Przyznacie: naprawdę było się czym zachwycać. Przyznacie także: było się czym zachwycać, bo w pewnym momencie boiskowe wydarzenia wyrwały się spod czyjejkolwiek kontroli. Bo nikt (Argentyńczycy zwłaszcza, których gen samozniszczenia dawał o sobie znać co najmniej kilka razy i tylko spolegliwości sędziego zawdzięczają to, że skończyli ten mecz w komplecie) nie panował nad emocjami. Bo działy się tutaj rzeczy zaprzeczające logice – jak ta, że cudowną bramkę dla Argentyny zdobył jeden z jej najsłabszych reprezentantów na tym mundialu, dziś również fatalny (sprawdziłem: od trzydziestego metra przed bramką Llorisa jego wszystkie podania chybiły celu) Angel di Maria.
Z drugiej strony: kto po takim widowisku chciałby sobie zawracać głowę kwestią kontroli. Tym, czy po objęciu prowadzenia którakolwiek z drużyn potrafiła spowolnić na chwilę grę, dokonać przegrupowania, cofnąć się nieco głębiej i pozbawić Kyliana Mbappe miejsca do nabrania szybkości (w przypadku Argentyny), albo (w przypadku Francji) postawić na dłuższe utrzymywanie się przy piłce. „Kochamy futbol – napisał w jednym ze swoich felietonów dla „Guardiana” Jorge Valdano, argentyński mistrz świata z 1986 roku, a po zakończeniu kariery jeden z najciekawszych piłkarskich teoretyków – bo jest przeciwieństwem nauki: prymitywny, przekorny, emocjonalny.

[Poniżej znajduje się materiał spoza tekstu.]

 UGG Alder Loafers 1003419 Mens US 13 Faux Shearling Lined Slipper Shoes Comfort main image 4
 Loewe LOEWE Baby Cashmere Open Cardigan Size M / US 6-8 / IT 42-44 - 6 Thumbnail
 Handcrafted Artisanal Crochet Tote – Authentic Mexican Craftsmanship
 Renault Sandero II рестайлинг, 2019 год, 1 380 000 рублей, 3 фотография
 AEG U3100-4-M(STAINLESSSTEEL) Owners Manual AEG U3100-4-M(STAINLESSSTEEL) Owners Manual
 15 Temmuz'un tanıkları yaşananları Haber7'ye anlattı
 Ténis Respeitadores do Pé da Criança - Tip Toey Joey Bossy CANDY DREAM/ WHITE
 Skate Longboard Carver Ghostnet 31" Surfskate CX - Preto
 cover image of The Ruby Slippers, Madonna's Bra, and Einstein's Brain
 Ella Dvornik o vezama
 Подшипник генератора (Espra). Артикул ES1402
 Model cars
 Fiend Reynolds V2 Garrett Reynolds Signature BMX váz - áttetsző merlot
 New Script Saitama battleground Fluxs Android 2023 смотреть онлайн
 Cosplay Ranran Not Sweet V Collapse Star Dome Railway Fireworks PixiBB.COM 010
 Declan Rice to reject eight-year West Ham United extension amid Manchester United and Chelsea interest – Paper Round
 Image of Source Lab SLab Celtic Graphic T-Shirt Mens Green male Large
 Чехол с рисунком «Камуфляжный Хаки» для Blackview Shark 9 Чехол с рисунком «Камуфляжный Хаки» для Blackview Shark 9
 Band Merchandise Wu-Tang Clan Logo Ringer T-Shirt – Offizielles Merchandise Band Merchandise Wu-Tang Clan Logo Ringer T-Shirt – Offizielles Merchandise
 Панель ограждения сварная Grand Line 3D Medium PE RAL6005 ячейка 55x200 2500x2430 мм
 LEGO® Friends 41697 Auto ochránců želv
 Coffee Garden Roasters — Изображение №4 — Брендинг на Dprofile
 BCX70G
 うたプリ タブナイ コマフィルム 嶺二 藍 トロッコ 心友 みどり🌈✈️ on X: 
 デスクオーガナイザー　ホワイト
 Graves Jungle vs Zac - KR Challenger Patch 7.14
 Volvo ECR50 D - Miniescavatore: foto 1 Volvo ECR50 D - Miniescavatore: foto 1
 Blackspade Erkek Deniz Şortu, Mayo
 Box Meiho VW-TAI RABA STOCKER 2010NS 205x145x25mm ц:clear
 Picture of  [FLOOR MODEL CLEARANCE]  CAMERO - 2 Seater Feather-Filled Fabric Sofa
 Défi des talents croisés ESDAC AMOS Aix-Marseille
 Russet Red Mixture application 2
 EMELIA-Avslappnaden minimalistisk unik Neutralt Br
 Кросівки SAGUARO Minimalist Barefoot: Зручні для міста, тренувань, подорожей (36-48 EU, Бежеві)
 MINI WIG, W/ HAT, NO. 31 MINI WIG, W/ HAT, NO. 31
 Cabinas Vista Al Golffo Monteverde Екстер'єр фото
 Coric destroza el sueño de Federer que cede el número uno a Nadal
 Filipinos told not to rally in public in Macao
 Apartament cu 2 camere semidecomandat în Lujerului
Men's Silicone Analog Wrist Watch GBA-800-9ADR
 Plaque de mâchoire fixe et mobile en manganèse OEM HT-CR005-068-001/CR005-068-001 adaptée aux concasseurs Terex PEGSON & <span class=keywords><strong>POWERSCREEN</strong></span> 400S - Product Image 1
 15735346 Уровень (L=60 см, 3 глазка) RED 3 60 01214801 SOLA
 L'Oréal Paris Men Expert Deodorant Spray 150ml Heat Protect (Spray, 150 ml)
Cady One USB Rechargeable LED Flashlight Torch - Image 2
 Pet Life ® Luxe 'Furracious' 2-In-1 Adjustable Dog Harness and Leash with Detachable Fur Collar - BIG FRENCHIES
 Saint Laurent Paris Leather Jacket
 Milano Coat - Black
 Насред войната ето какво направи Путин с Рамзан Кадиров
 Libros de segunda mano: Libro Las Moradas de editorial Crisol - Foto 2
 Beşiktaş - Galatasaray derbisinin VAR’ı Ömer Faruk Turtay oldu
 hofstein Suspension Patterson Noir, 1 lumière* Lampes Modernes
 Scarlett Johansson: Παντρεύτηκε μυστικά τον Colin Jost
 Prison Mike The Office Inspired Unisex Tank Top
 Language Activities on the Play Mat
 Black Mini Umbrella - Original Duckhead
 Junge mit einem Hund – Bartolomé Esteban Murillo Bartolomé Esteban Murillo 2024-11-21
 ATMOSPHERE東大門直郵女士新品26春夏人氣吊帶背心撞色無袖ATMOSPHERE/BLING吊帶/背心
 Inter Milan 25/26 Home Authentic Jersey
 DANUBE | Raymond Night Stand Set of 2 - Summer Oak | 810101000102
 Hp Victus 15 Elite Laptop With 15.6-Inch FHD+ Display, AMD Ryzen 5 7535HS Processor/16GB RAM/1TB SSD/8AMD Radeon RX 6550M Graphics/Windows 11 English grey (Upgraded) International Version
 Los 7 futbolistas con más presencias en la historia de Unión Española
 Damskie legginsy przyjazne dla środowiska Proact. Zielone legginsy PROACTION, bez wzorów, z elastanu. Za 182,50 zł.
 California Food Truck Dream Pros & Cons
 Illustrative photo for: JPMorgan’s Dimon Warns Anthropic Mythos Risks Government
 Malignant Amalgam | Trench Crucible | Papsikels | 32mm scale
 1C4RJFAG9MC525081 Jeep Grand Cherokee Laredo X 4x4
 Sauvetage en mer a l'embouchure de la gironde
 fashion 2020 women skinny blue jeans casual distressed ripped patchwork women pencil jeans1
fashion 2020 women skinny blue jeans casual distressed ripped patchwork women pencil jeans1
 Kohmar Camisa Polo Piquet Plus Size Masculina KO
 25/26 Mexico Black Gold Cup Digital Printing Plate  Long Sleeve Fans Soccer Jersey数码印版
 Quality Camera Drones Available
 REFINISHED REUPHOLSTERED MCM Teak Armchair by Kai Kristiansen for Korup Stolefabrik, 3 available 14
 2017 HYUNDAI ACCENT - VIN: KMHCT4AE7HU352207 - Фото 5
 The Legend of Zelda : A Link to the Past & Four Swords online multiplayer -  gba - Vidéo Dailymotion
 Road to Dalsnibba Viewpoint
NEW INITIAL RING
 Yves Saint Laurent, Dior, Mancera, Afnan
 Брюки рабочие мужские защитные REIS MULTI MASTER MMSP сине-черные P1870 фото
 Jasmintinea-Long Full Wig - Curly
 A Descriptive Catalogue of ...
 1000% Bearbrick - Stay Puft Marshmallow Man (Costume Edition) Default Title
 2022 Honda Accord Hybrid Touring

Kochamy futbol za jego brak precyzji, za jego błyski geniuszu i za jego pomyłki, kiedy piłka nagle skozłuje albo lewy obrońca nieoczekiwanie zagra fatalny mecz, bo poprzedniego wieczora pokłócił się z dziewczyną”. Ech, mało kto opowiada o piłce tak pięknie jak Argentyńczycy (o sile intelektualnej futbolu znad La Platy świadczy także liczba trenerów, którzy poprowadzili na tym mundialu różne reprezentacje). Żeby jeszcze w piłkę grali tak pięknie, jak opowiadają…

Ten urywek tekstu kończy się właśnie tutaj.